NULLs, UNION ALL, and random sorting
Editor's Note:Send your experts-only T-SQL tips to Itzik Ben-Gan at blackbelt@sqlmag.com. If we use your tip in the magazine, you'll receive $100 and an exclusive T-SQL Black Belt shirt.
Sorting isn't always as simple as it seems. From time to time, T-SQL programmers receive requests for output sorted in a unique or unusual way and must handle both the logical aspects and the performance implications of those requests. For example, whenever you provide a sorting solution that involves NULLs, you must determine how to handle them. The sorting ideas of Alexey Rubana software engineer, developer, and DBA from Ukraineand SQL Server Most Valuable Professionals (MVPs) Fernando G. Guerrero and Tibor Karaszi motivated me to write this article.

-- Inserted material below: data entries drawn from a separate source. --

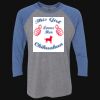 Unisex Triblend Three-Quarter Raglan T-Shirt Thumbnail
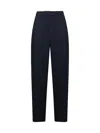 Blanca Vita Blue Gabardine Pulsa Trousers In Topazio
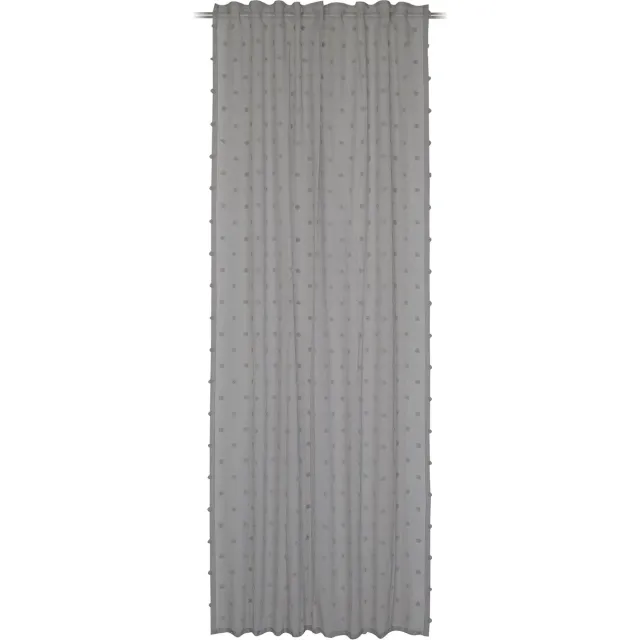 Elbersdrucke Gordijn met verborgen lussen Fluffy Dots 255x140 cm grijs WeißGrau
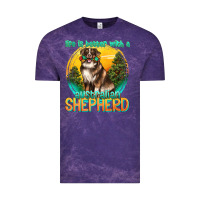 Cloud Purple life is better with a australian shepherd Vintage Tee - texasbilliewilder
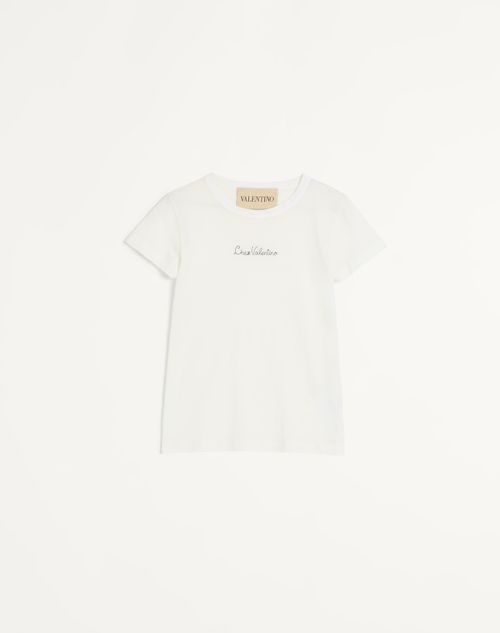 Valentino - Cotton T-shirt - Ivory - Woman - T-shirts And Sweatshirts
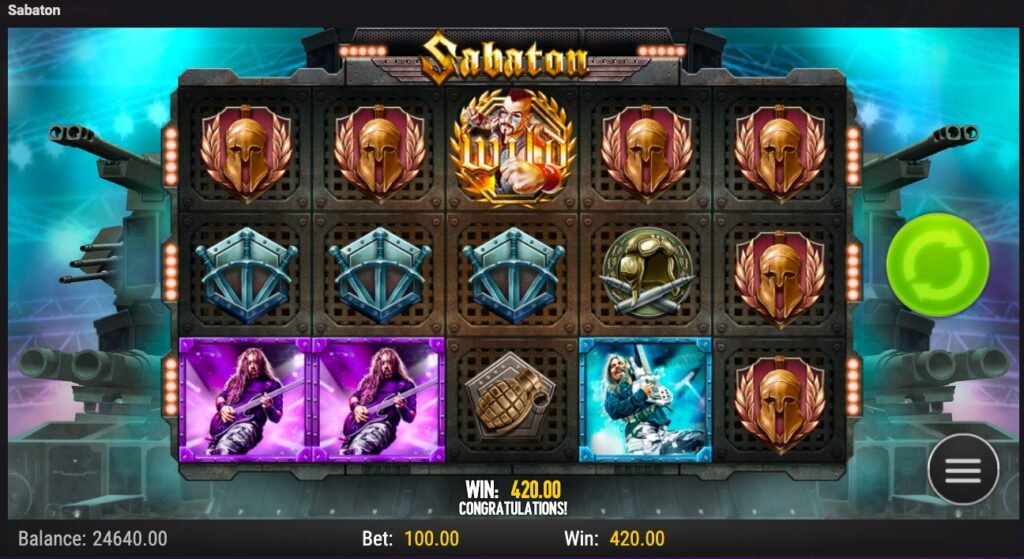 Sabaton Winning Spin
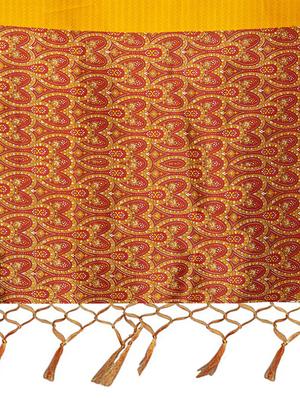 set of 2 multicolor silk blend printed saree combo with blouse - 15176586 - Standard Image - 6
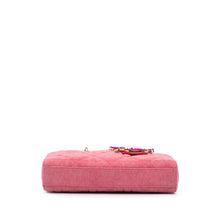 Dior | Pre-Owned Medium Denim Macrocannage Lady D Joy - I | Pink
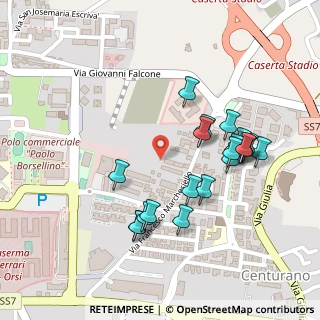 Mappa Parco Justine -Piano Terra su porticato- Senza Barriere per disabili, 81100 Caserta CE, Italia (0.25)
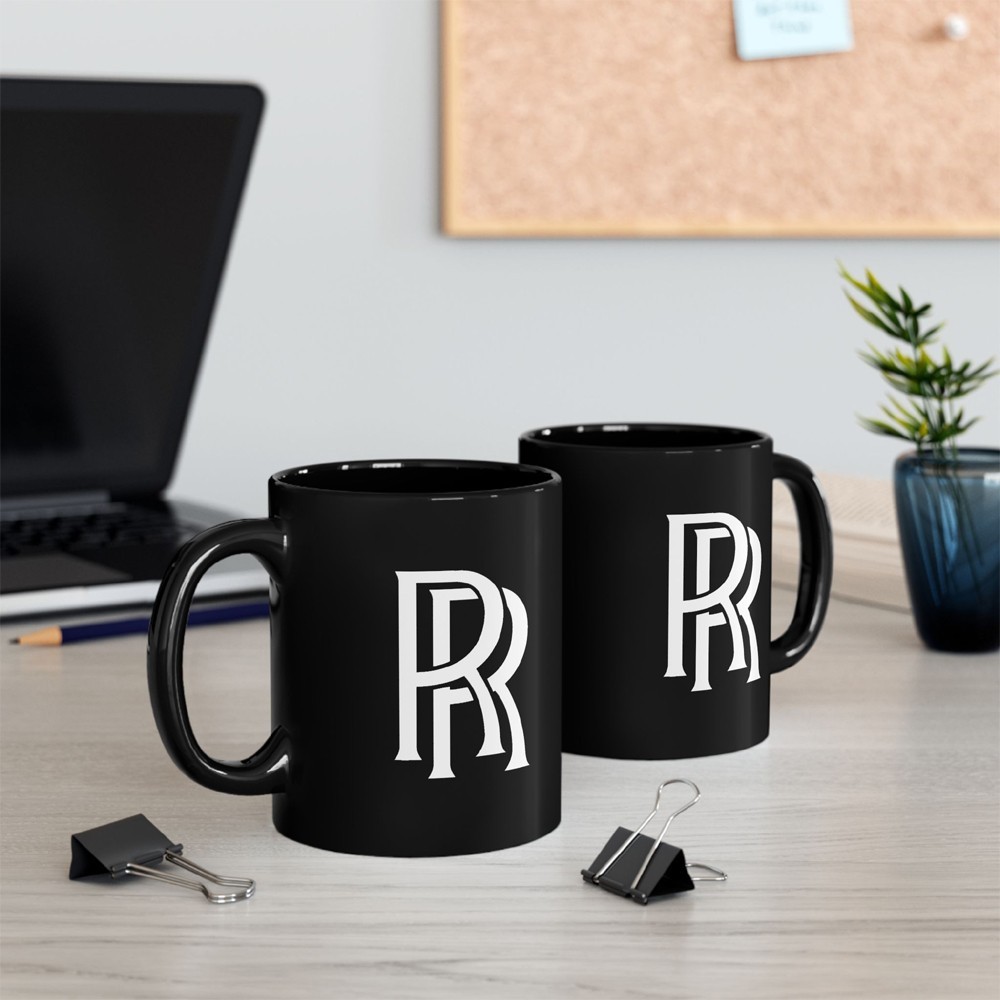 Rolls Royce 11oz Coffee Tea Black Mug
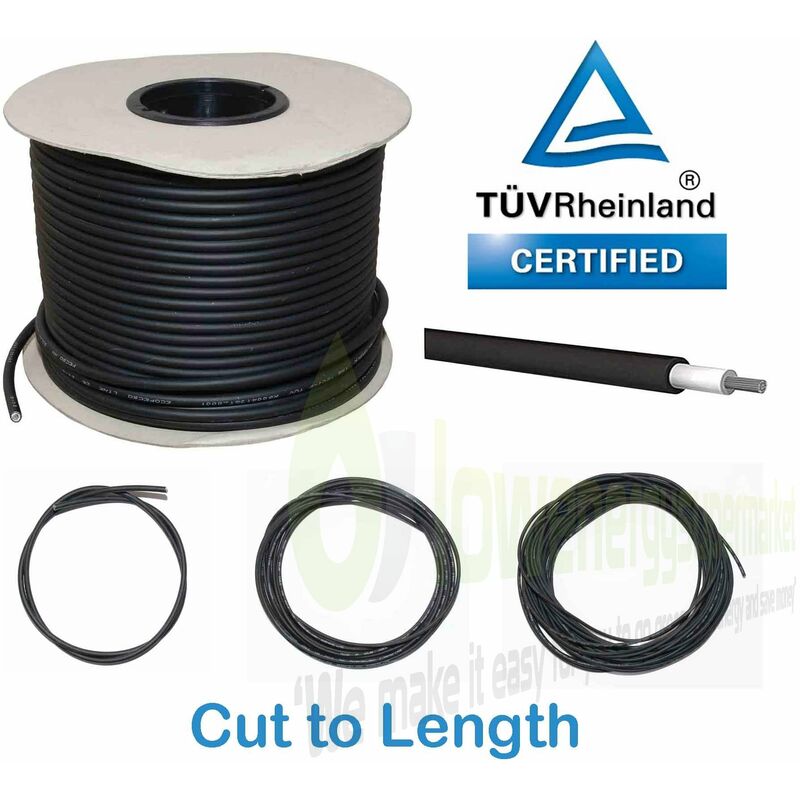 6mm Solar PV Cable - Cut to length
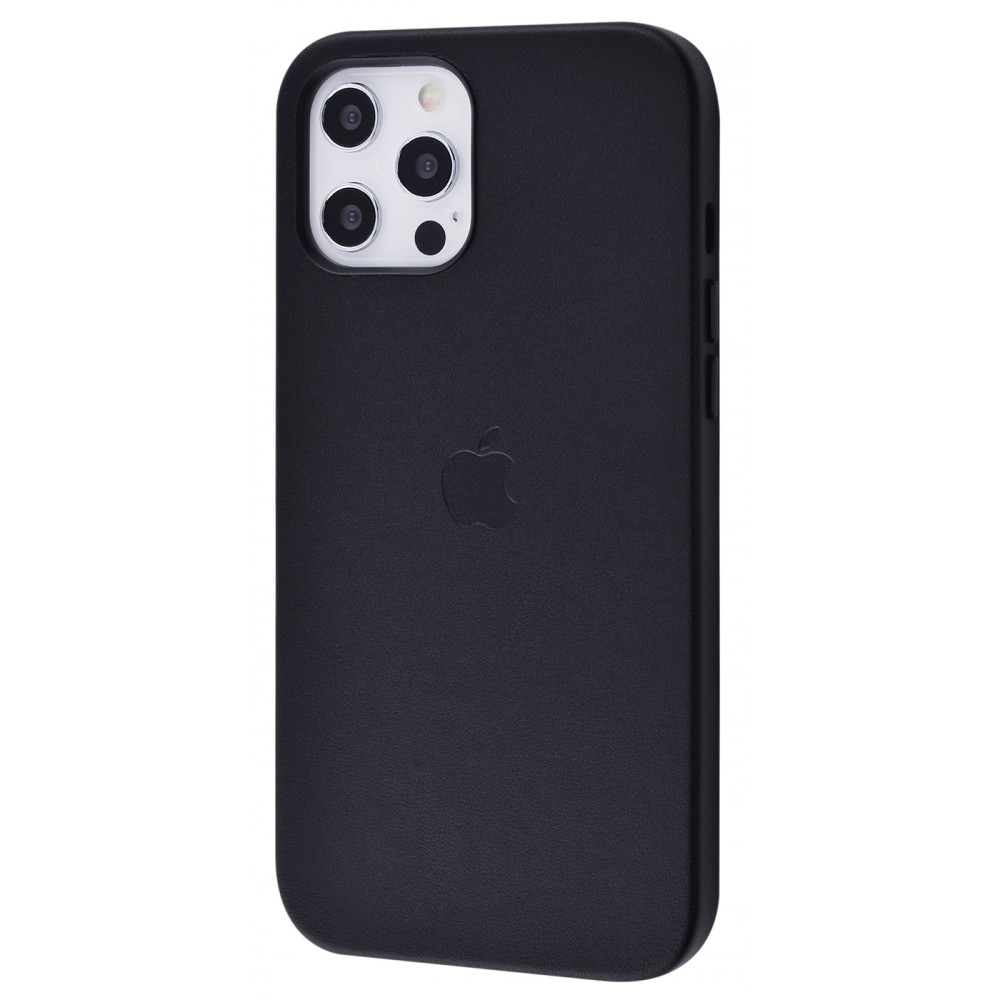 

Чехол с поддержкой magsafe с мягкой подкладкой PRC Leather Case with MagSafe iPhone 12 Pro Max black Черный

Getting NULLs to Sort High
NULLs are special, no doubt. Like some children, they seem to require special care and attention. Sorting output by columns that allow NULLs is no exception. NULL stands for either an unknown or an irrelevant value. So, in general, you can't assume that one NULL is the same as another. For example, to find rows that have NULLs in a specific column, you might issue the following query:
SELECT * FROM T1 WHERE colwithnulls = NULL
However, according to the ANSI standard, you won't get any rows in the output, even if the colwithnulls column contains some NULLs. To get all rows that contain NULLs in a certain column, you must use the IS NULL clause instead of = NULL. Or, you can turn off the ANSI_NULLS session option so that SQL Server treats NULL comparisons that use an equals sign as if you had specified IS NULL.
Regardless of the ANSI_NULLS setting, certain operations (e.g., the UNIQUE constraint in SQL Server, GROUP BY, ORDER BY) treat NULLs as if they were equal to one another. The ANSI standard specifies that NULLs should sort into one group as if they were equal, but it doesn't specify whether NULLs should sort lower or higher than actual values (i.e., whether they should appear at the beginning or the end of the output). Therefore, different ANSI-compliant relational database management systems (RDBMSs) implement NULL sorting differentlysome placing NULLS at the end and some placing them at the beginning.
SQL Server sorts NULLs as if they're the lowest value. For example, let's select all rows from the Publishers table in the Pubs database, ordering by state. Then, use a new SQL Server 2000 optimization technique, which lets you create indexes on computed columns, to put an index on the state column:
CREATE INDEX idx_nci_state ON Publishers(state)
SELECT * FROM Publishers
ORDER BY state
Figure 1 shows this query's execution plan. The query performs an ordered index scan on the idx_nci_state index you created. This scan, which improves the query's performance, prevents an explicit sort operation from taking place because the index is already sorted by the state column. Note that the Publishers table is very small. If the table were bigger, the optimizer might choose not to use an index. Using an index involves visiting a page to look up the data row for each key in the index, and the I/O involved might cost more than simply scanning the table and performing an explicit sort. Nevertheless, for this demonstration, the Publishers table's size is convenient.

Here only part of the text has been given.